From Force to Flow
A reflection on slowing down, growing older, and returning to what's real
It’s hard for me to admit, but lately my body has been asking me to slow down. I’ve been hearing the signals for months: aching joints, sore muscles, fatigue after exercise, and less energy and vitality in general. I’m in the final phase of perimenopause, and over the past two years, much of who I’ve been on a physical, mental, and emotional level has changed in a way that’s hard to put into words. I feel like a different person, and the reality of aging has really hit home.
I’ve been active my entire life. Skiing was a passion. I played on sports teams. I’ve always loved walking, hiking, and traveling. I’ve had dogs for most of my life. Moving my body has always been how I stay grounded. So when my knees started to ache after what used to be an average walk, I didn’t want to slow down. I assumed it would pass like it always did before. I pushed through. But it didn’t pass. I started waking up stiff and sore. It hurt just to rise from a chair. Something had changed. My body wasn’t bouncing back the way it used to.
A while back, I was in my acupuncturist’s office, talking about how tired I’d been. I told her I was considering starting a new business. She paused and said, “What would it look like to honor the energy you have now, at this stage of your life? You’re not 30 anymore. You don’t have the same jing.” (Jing, in Chinese medicine, is a form of foundational life force, something that naturally decreases with age.)
Her words really touched something in me. What would it feel like to honor the energy I have now, at 56? I’ve lived a full life. I’ve raised a daughter, built multiple careers, navigated divorce, traveled around the world, guided thousands of people through healing, and carried the weight of developmental trauma and the loss of three parents. I’m stronger because of what I’ve lived through. But that life force—my jing—has shifted. I knew that what was calling now wasn’t to squeeze more out of myself, but to let a new way of being in relationship with my life emerge from within.
In recent years, I’ve tried to adapt. I’ve built daily practices like yoga, qi gong, and meditation into the foundation of my day. I’ve become more intentional about food, sleep, and how I spend my energy. But if I’m honest, slowing down the physical activity has been the hardest. For me, taking walks has been as essential as drinking water.

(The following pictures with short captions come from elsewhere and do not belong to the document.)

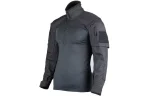 Bluza Cedar Combat Shirt - Czarna - obrazek 3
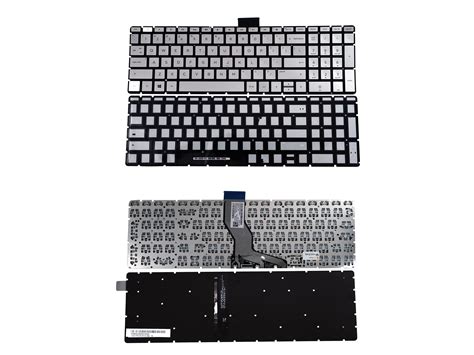 HP 15BS / 15CC SILVER BACKLIGHT – Lappy Power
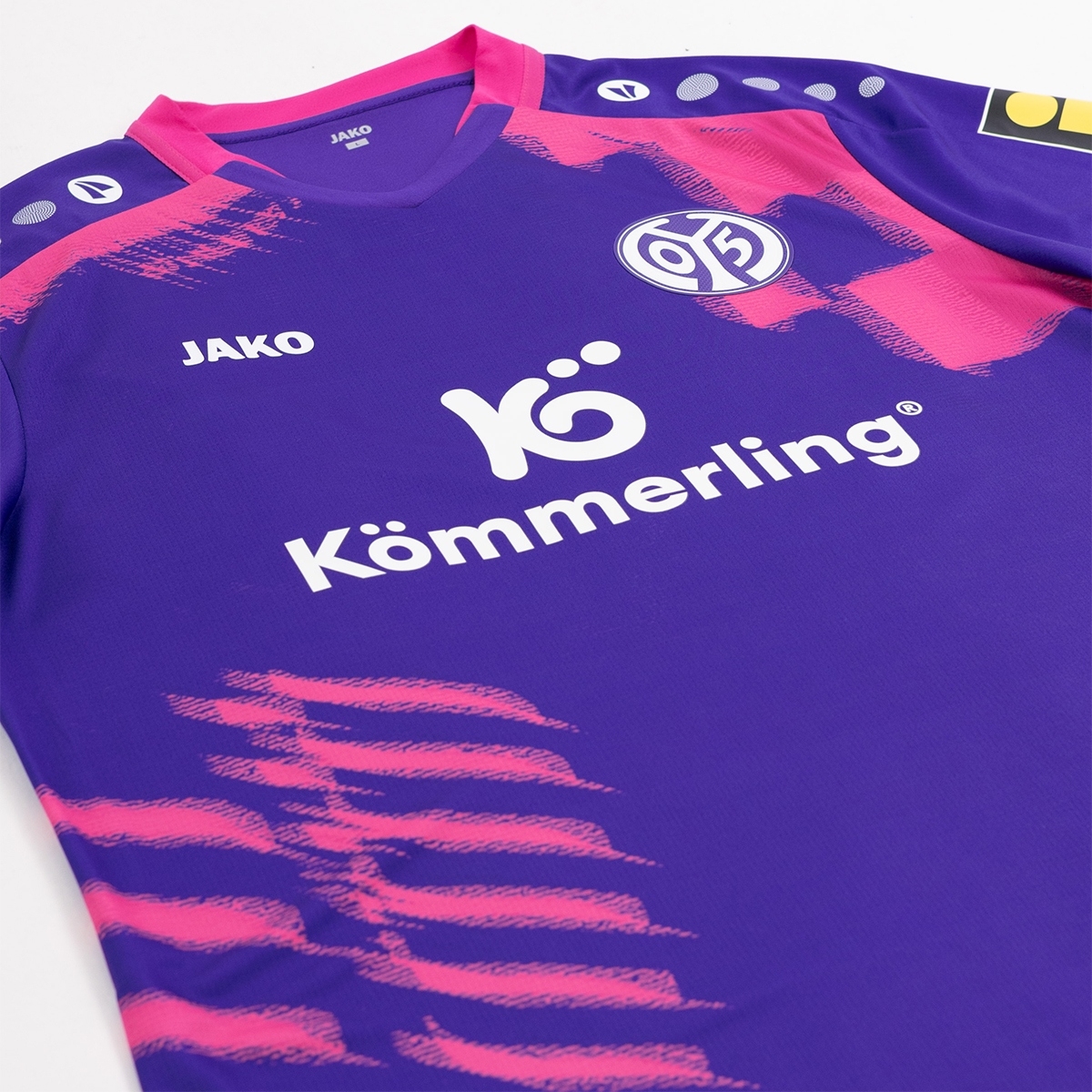 JAKO - Mainz 05 Auswrtstrikot 25/26, Trikot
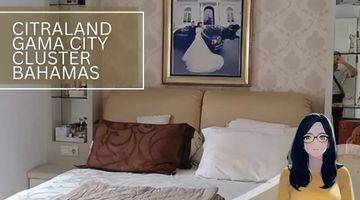 Gambar 5 Dijual Villa Citraland Gamacity Custer Bahamas Super Lux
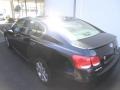 Obsidian Black - GS 350 AWD Photo No. 6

This isn’t the first time my body has tried to get my attention.
Twenty-five years ago, I went through something similar, though I didn’t recognize it at the time. I was working at a tech company, overseeing many aspects of operations. It was constant. My mind was always switching gears, tending to multiple branches of the business, solving problems, holding things together. I could do it, and I was good at it. But it came at a cost.
Eventually, my body started to break down. I developed chronic pain. It kept building, and I kept working. Doctors couldn’t find anything wrong. I cut out certain foods that were thought to be irritating. But the pain continued to worsen.
Then I took a week-long vacation to Mexico. And on the very first day, after swimming in the ocean, I noticed that the symptoms had vanished. I ate whatever I wanted. And yet the pain was gone. It only returned when I went back into the office that following Monday.
It became clear to me that it was something about the job. At the time, somatics, nervous system regulation, trauma-informed anything—these weren’t fully formed ideas in my field yet. All I knew was that I had to leave. So I did. And that solved the problem…for a while.
I thought leaving the job would be enough. And in some ways, it was. The relief was real. But relief isn’t the same as repair.
I had changed my environment, but not the way I lived inside myself.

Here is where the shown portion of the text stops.